Editor’s note: This was originally published on MarketWatch on February 1, 2018.

In his State of the Union address, President Trump vowed to bring down prescription drug prices in the U.S., and described lower prices in many other countries for identical drugs as “very, very unfair.”

We don’t know exactly how the Trump administration will proceed. But it is important to understand what opportunities exist, and what is at stake for the discovery of new cures, in rebalancing international drug prices.

High drug prices in the U.S. help pharmaceutical innovators pay the high cost of bringing a new drug to market — over $2 billion each according to multiple independent estimates. While Americans shoulder that burden at pharmacy counters and in insurance premiums and deductibles, Europeans get access to new medications at deeply discounted prices. Trump is right that it is time for that unfair practice to end.

U.S. consumers spend roughly three times as much on prescription drugs as consumers in France, Germany, Italy, Spain and the United Kingdom. Some of this is due to greater use of newer and higher strength medicines in the U.S. But much of the gap arises because of lower prices for identical drugs overseas.

For example, Abbvie’s Humira, an arthritis and colitis medicine that is the world’s top-selling drug, costs an estimated $2,500 a month in the U.S. after discounts. In Germany, it is about 30% less ($1,750) according to Bloomberg. In other nations, the discounts relative to the U.S. market are even greater.

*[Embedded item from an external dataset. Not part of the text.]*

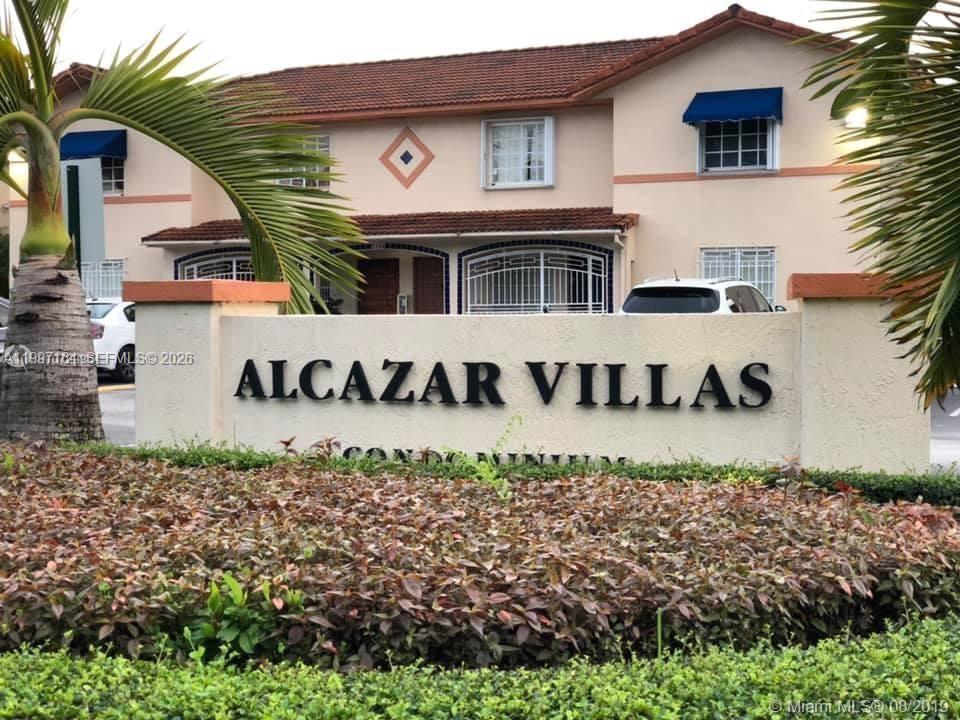 2246 W 74th St #202-10 Hialeah, FL 33016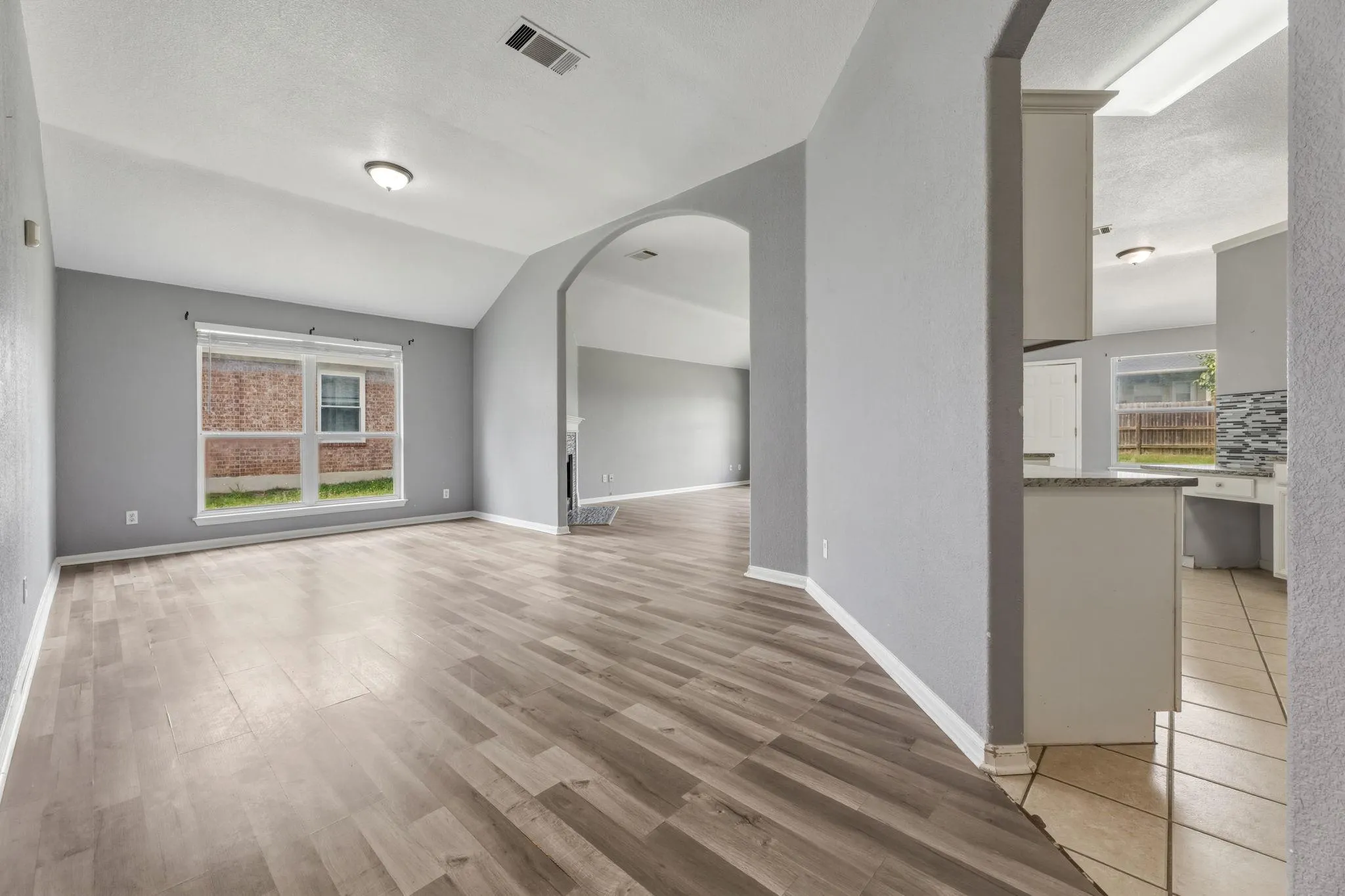 Photo 5 of 1514 SPRING PEONY CT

Our calculations suggest that the U.S. market accounts for as much as 78% of all global drug profits. These are the profits that drive innovation, and they are coming out of American wallets.

Why does this happen? Branded prescription drugs are 20% to 40% cheaper in Europe in large part because the national health plans there drive hard bargains. The state-run buyers can impose price caps, or even refuse to allow a drug onto a national formulary if they think it is not worth the cost.

Bargaining does occur in the free-market U.S., but not nearly in such draconian terms. Medicare was expressly forbidden from bargaining when the drug benefit was added during the George W. Bush Administration. If the Food and Drug Administration approves a drug and a physician prescribes it, Medicare will almost always cover it. Private insurers and pharmacy-benefit managers can usually negotiate down from sticker prices, but they typically don’t have the European-style ability to broadly deny access, which is the big bargaining chip.

Americans should be asking what would happen if other countries picked up more of the cost of drug discovery. Using the Future Elderly Model at the University of Southern California — a simulation developed with support from the National Institutes on Aging — we find that increasing prices in Europe by 20% would result in about $30 billion in extra worldwide pharmaceutical revenue every year from the five largest European markets.

Some of that new money will surely go to employees and shareholders at pharmaceutical companies around the world. It might even reduce pressure on U.S. prices. Most importantly, however, the evidence conclusively demonstrates that greater revenues will find their way to the R&D department. And that extra R&D spending eventually means more drugs find their way to market — on the order of one new drug approval for every $2.5 billion in added revenue.

The bump in drug discovery means better outcomes for patients, both in terms of the quality and length of life. Over time, we find that European price increases would result in $10 trillion in welfare gains for Americans over the next 50 years, and $7.5 trillion in Europe.

So what can the U.S. do to realize these gains? First, we must press other countries to pay their fair share. As we re-examine trade agreements, foreign drug-pricing schemes should get careful scrutiny, and ways to make up innovation funding shortfalls should be on the table. Countries that agree to raise prices for novel and effective drugs ought to be rewarded with more favorable trade accords.

Other measures can help as well. We can lower drug development costs by harmonizing the international patchwork of regulatory agencies and patent systems. Today, manufacturers must seek approval from dozens of different jurisdictions, even though biology is pretty much the same all over the planet. Data sharing and common standards (for example, agreeing on common measures of clinical effectiveness) are just common sense.

Too many countries have been free-riding on the generosity of the United States for too long. Reduced prices in Europe mean Americans are effectively paying a premium to finance research to treat conditions like diabetes, heart disease, and dementia. These diseases don’t recognize borders, and neither should the resources needed to fight them.

Dana P. Goldman is director of the Leonard D. Schaeffer Center for Health Policy & Economics at the University of Southern California. Darius N. Lakdawalla is the director of research at the Schaeffer center. They own equity in Precision Health Economics, a consultancy to pharmaceutical companies.